Described as an operetta, Candide in fact resembles an American Broadway show more than it does Franz Lehar’s The Merry Widow; however, the sophistication of the text presents some problems of language comprehension not common on Broadway but that opera companies have learned to solve with Supertitles. And at least one of the many roles in the show, that of the beleaguered heroine Cunegonde, requires an actress with coloratura soprano chops, while the beautiful music of the eponymous hero sounds best when sung by an accomplished lyric tenor. LA Opera has both for this thoroughly delightful show: winsome tenor Jack Swanson, who is perfect for the part, charming and guileless in appearance; and spunky soprano Erin Morely, who endures the trials and tribulations of her character with effortless panache.
But the LAO has also enlisted TV and Broadway star power for roles not intended primarily for opera singers. They are, of course, the tremendously popular Kelsey Grammer (Cheers, Wings, Frasier) in the twin roles of the actual thinker/novelist Voltaire and the fictional deluded optimistic philosopher, Dr. Pangloss; and, virtually stealing the show with her canny moves, Broadway veteran Christine Ebsersole (Grey Gardens, War Paint, 42nd Street) as the Old Lady.
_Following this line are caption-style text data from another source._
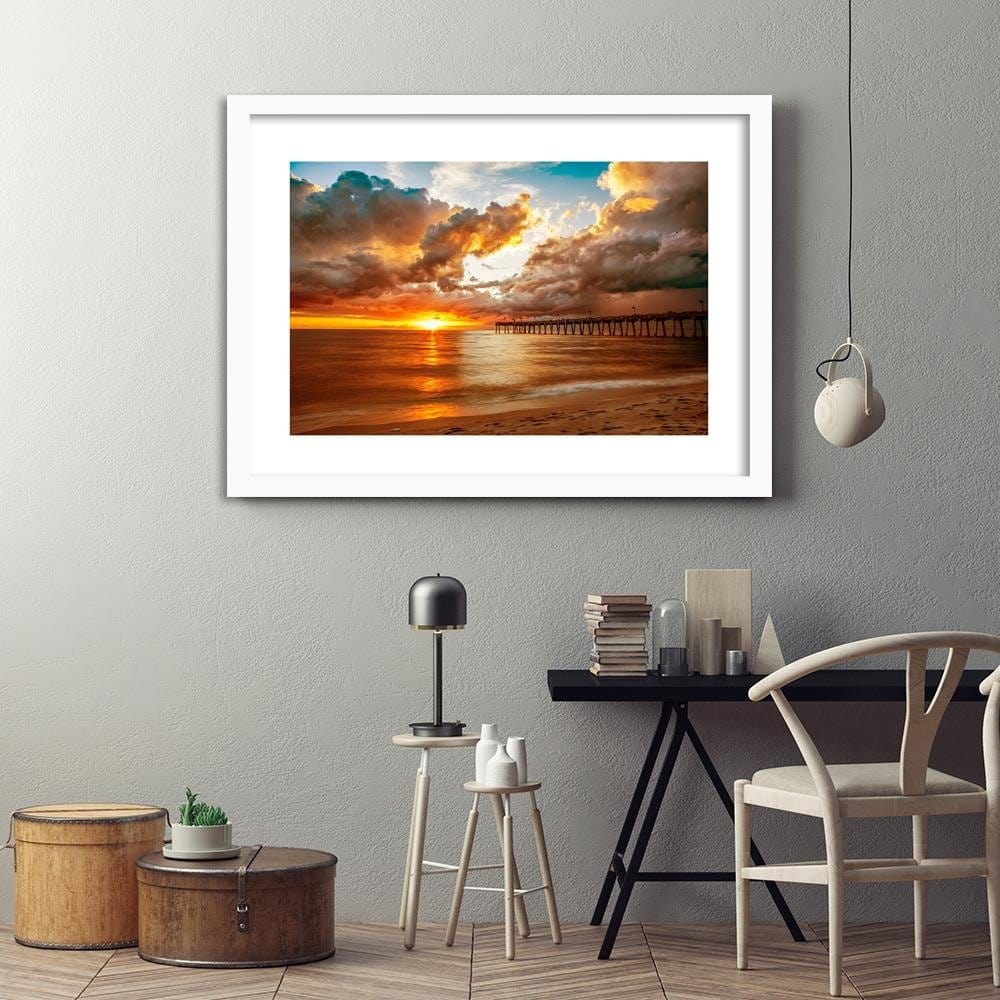 Glezna baltā rāmī - Pier And Sunset Home Trends DECO
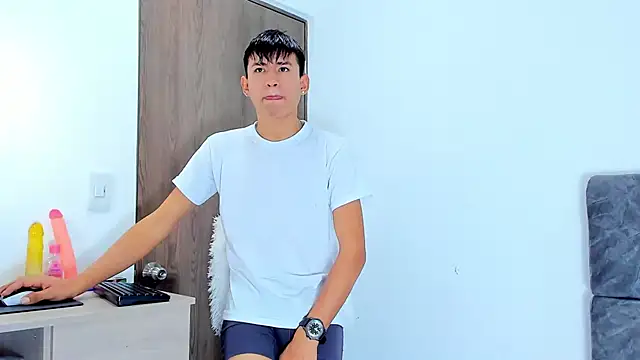 Nicolas Torres  online show from November 2025 07:11:02 AM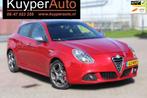 Alfa Romeo Giulietta 1.4 T Distinctive automaat half leder p, Auto's, Alfa Romeo, 4 cilinders, Traction-control, Leder en Stof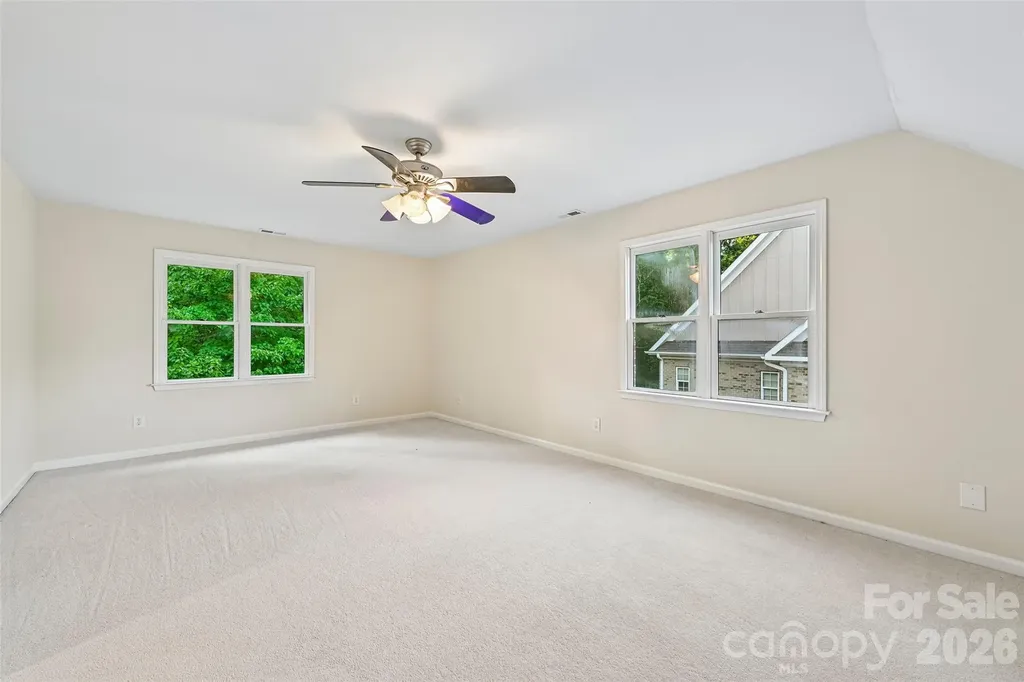 122 W Tattersall Drive Statesville NC 28677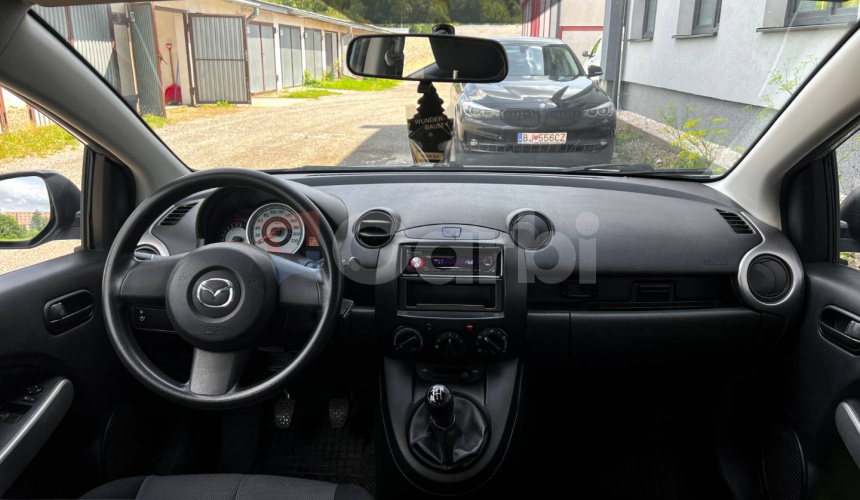 Mazda 2 1.3i CE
I would merrily return to the theater again and again just to see her inspired number, “I Am Easily Assimilated,” in which she conveniently and suddenly becomes Spanish due to dire circumstances — and before long she has generated an insanely exuberant production number. I was reminded of the “Too Darned Hot” number which so often becomes zannily energetic in Cole Porter’s Kiss Me Kate.
Under the stage direction of Francesca Zambello, this Candide is a marvel of clear storytelling, something that is, quite frankly, a major problem in a satirical mini-mock-epic that shifts ground from one city, country and continent to another at dizzying speed. How do you represent this on stage? We go from Westphalia to place after place including Lisbon, Paris, Venice, Montevideo and even to the legendary land of Eldorado. We go through shipwrecks, an earthquake and the Spanish Inquisition.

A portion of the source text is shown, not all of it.